Saat ini ia tengah memilih rasa es krim apa yang akan ia beli. Karena bingung memilih antara rasa strawberry cheese cake dan cookies & cream, akhirnya cewek itu pun memutuskan untuk memasukkan kedua rasa es krim itu ke dalam trolinya.
"Arlin?"
Arlin sedikit melebarkan matanya melihat sosok yang ada di hadapannya sekarang. Gadis itu tidak menyangka bahwa setelah beberapa hari tidak bertemu dengan cowok ini, ia akan bertemu dengannya disini.
"Jeff?"
"Ngapain disini Lin?"
Arlin memutar matanya malas mendengar basa basi yang dilontarkan sahabatnya ini.
"Nonton topeng monyet." Jeff hanya terkekeh sambil mengusap rambut gadis itu sekilas.
"Lo ke sini sama siapa? Sen-"
"Je, kamu udah pernah coba kellogg's yang ini belum? Yang ini enak- oh hai Arlin! Gak nyangka bakal ketemu di sini!" Belum sempat Arlin menyelesaikan kalimatnya, tampak Lana datang dari persimpangan rak tempat sereal-sereal dengan membawa sekotak besar kellog's varian froot loops. Arlin mengerutkan dahinya sedikit sebelum berusaha menetralkan ekspresinya.
"Hai, Lan." ucap gadis itu singkat. Lana tersenyum ramah seraya memasukkan kotak sereal bergambar burung yang dipegangnya ke dalam troli di hadapan Jeffrey tanpa menunggu respon cowok itu. Mati-matian, Arlin menahan bibirnya yang ingin berteriak di hadapan Lana bahwa sebenarnya pacar cewek itu sangat tidak menyukai varian rasa buah-buahan dari brand sereal yang sudah mendunia itu.

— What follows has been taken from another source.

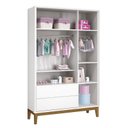 Ver imagem 3 de Dormitório Infantil Classic 3 Portas, Cômoda 3 Gavetas, Berço Branco com Pés Amadeirado e Colchão -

'Jeffrey gak suka kellog's rasa froot loops.' Kalimat itu terus-terusan berputar di kepala Arlin membangkitkan memori saat beberapa saat lalu gadis itu dan Jeffrey iseng mencoba memakan varian rasa buah-buahan itu karena pada saat itu mereka tidak menemukan varian cookies & cream favorit mereka di supermarket. Alhasil saat sarapan bersama di apartemen Arlin, mereka berdua bergantian memuntahkan sereal itu dari mulut mereka dengan heboh. Akibat hal itu, mereka berdua memutuskan untuk selalu membeli sereal kellog's varian cookies & cream seperti yang selalu mereka beli setiap bulan.
Namun, saat sekarang melihat respon Jeffrey yang hanya terdiam saat melihat pacarnya memasukkan kotak sereal itu ke dalam troli-nya. Arlin jadi sadar betapa cowok itu sangat menyayangi Lana. Walaupun ekspresi Jeffrey terlihat sangat pahit saat ini, tapi cowok itu terlihat tidak berusaha membantah pacarnya. Arlin meringis dalam hati menahan perasaan aneh itu yang datang kembali.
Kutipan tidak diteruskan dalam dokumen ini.